この夏、『竹内好という問い』』(孫歌著、岩波書店、2005年)を読む。
孫 歌(ソン・カ)
1955年,中国吉林省長春生まれ.中国社会科学院文学研究所研究員.中国文学・日本思想研究.おもな著書に,『アジアを語ることのジレンマ――知の共同空間を求めて』(2002年,岩波書店)『求錯集』(1998年,北京・三聯書店),『亜洲意味著什麼――文化間的「日本」』(2001年,台北・巨流図書公司),『竹内好的悖論』(2005年,北京・北京大学出版社)などがある。
もっとも心に残ったのは次の一文である。
竹内好は『魯迅』の中でひとつの基本原則を提起した。それは、内部から発した否定のみが真の否定である、という命題である。

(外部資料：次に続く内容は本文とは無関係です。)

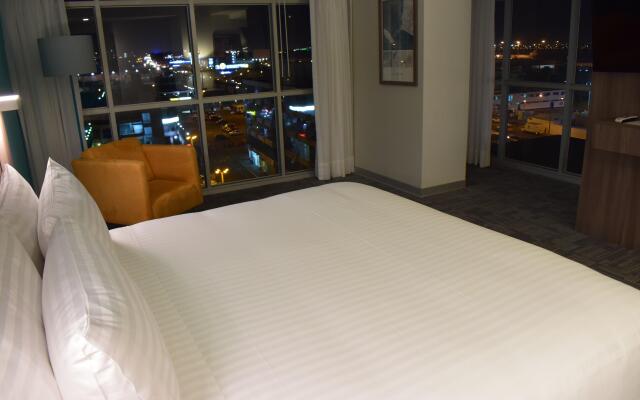 Holiday Inn Lima Airport by IHG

そのうえで、手元にある『竹内好評論集』全3巻(筑摩書房、1966年6月25日)を再読した。竹内好は十年以上読んでいなかった。『竹内好という問い』に促されて再読することによって、竹内の問いが、青空学園日本語科で考えてきた問いと同じ根をもつことを再確認した。
第一に、日本語世界において内部からの近代化は可能なのか。
第二に、どのような人民の運動も、内部からの近代語に依らなければ無力ではないのか。
第三に、中国の近代化は、内部からの言葉の促しを待ったがゆえに、いったんは半植民地におかれた。しかしまた、内部からの言葉によったがゆえに、中国革命はいったんは勝利した。
竹内はこの問いに立ち続けた。問いを生きたというべきである。
そして現代である。日本の多くの平和運動や反戦運動は、内分からの近代語によってはいない。言葉に蓄えられた人民の智慧を継承していない。風土とこの風土のもとで営まれ続けてきた生産や、働き人の喜怒哀感を受けとめていない。その反動が草の根保守であった。『新しい教科書』運動や今回の小泉への投票行動の土台にあるのは、根なし草革新派への反感である。
一方、竹内は中国の変質を見ることなく世を去った。中国は中国革命をどこかで裏切り変質した。これについては『十六年目の中国』に書いた。『文集』に所収。明治維新にはじまる日本革命も、辛亥革命にはじまる中国革命も、紆余曲折を経ながら、今日もつづいている。革命は永続している。
第一に、竹内好が提起し、また自ら生ききった人生態度は、内因論である。近代の政治や思想、学術において、他にないからという理由で、内部からのものでない方法に依ることを拒絶し、内部に方法がないのなら、むしろしない方がよい、という立場であった。
これではだめだいうときに、立ちつくす勇気を示した。立ちつくすことこそ、内分からの方法が生まれる源泉である。竹内好はこのことを魯迅に学んだ。
これは私が『理学とは』、『理学以前』のなかで言わんとしたことと同じである。
第二に、立ちつくす竹内好を引き継ぎ、内部からの方法を生み出すことは可能か、今この問いを考えるときである。『理学とは』、『理学以前』は消去法であり、こうであってはならない、ということの確定であった。ここに立ちつくしてきた。
竹内好もここで立ちつくした。
その先である。内部から否定しのりこえる言葉の陳述、これを課題として来た。陳述する言葉を構造日本語からくみ上げんとして、定義集を編んできた。準備ができたということはない。
第三に、ことばのおとづれを待つ。書きつづけて待つ。おとづれの場を作り、待つ。今はそれを課題にしている。
時代は、急速に深みに進んでいる。この時代の動きと、おとづれを待つことに、どのようなつながりが開けるのはわからない。内部を通ってしか、時代に係わることはできない。このこともまた、自らにいましめる。